Data segment: Begin

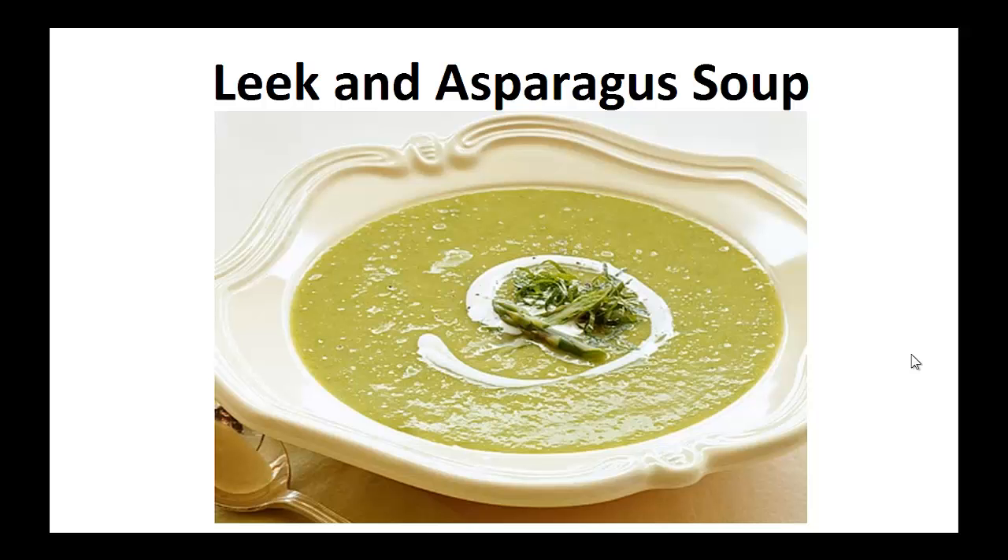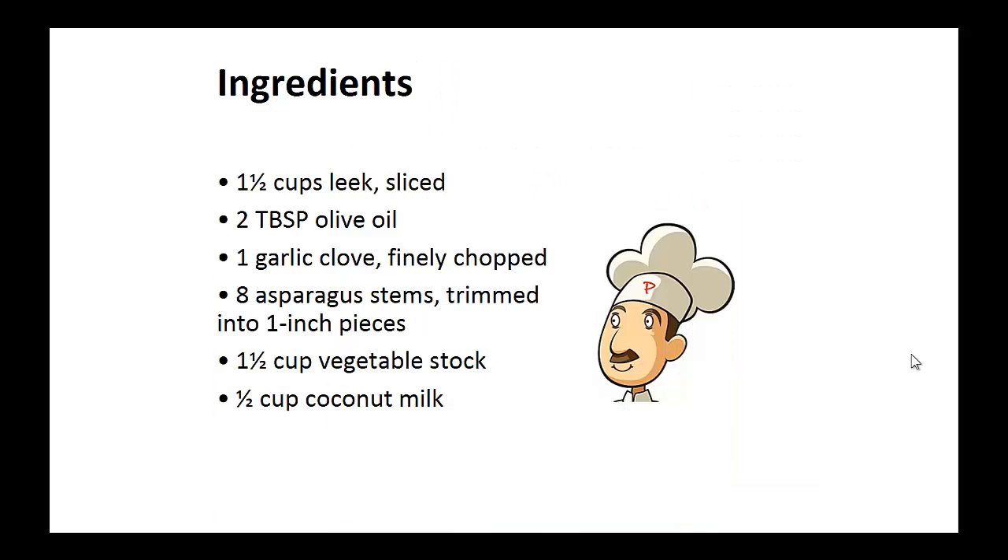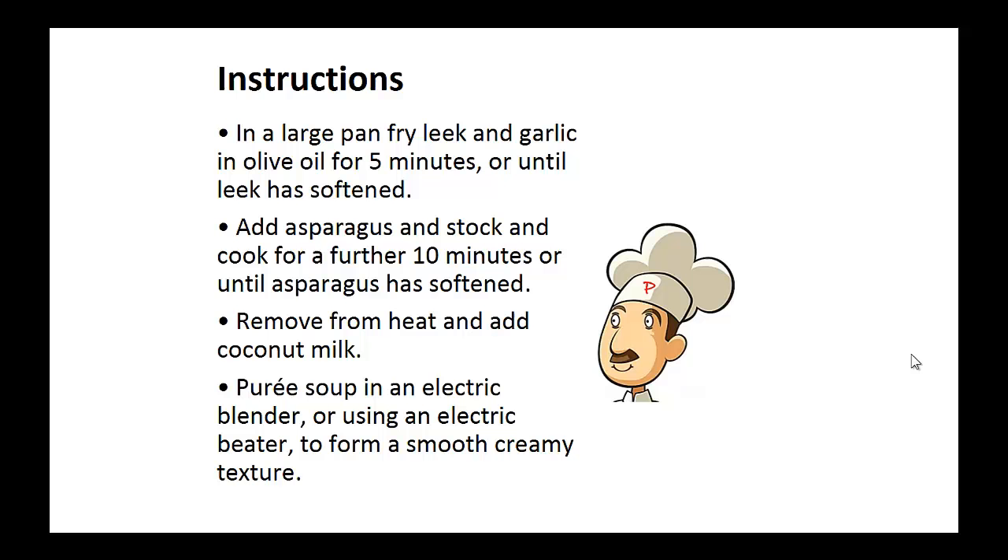Now on to the recipe: Leek and Asparagus Soup. Ingredients: one and a half cups of sliced leek, two tablespoons of olive oil, one finely chopped garlic clove, eight asparagus stems trimmed into one inch pieces, one and a half cups of vegetable stock, and half a cup of coconut milk.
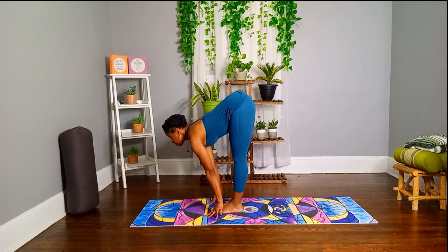Watch for the stretch at the lower back and hamstrings. One, two, three, four, five.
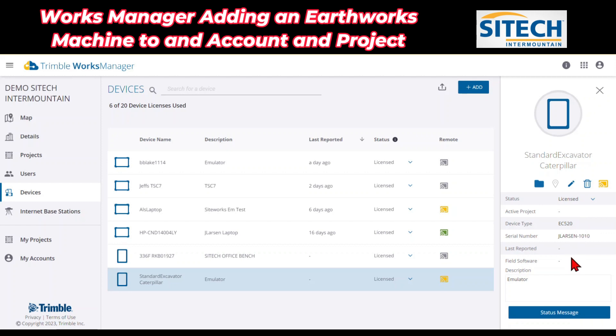This is my emulator, so it'll be a little different for some of your machines. But the beauty of this is now you can manage the field software — it'll tell you what the current version is of the machine, last reported, and some active projects. When this turns green for your machines that are actively working in the field, that'll allow you — just like this one for the laptop — to actually remote into the Earthworks machines into the web interface and deal with some of the data on the machine.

Data segment: End

**Assigned task**
The material must be restated verbatim. Its pictures must be omitted.

**Answer to the exercise**
Now on to the recipe: Leek and Asparagus Soup. Ingredients: one and a half cups of sliced leek, two tablespoons of olive oil, one finely chopped garlic clove, eight asparagus stems trimmed into one inch pieces, one and a half cups of vegetable stock, and half a cup of coconut milk.
Watch for the stretch at the lower back and hamstrings. One, two, three, four, five.
This is my emulator, so it'll be a little different for some of your machines. But the beauty of this is now you can manage the field software — it'll tell you what the current version is of the machine, last reported, and some active projects. When this turns green for your machines that are actively working in the field, that'll allow you — just like this one for the laptop — to actually remote into the Earthworks machines into the web interface and deal with some of the data on the machine.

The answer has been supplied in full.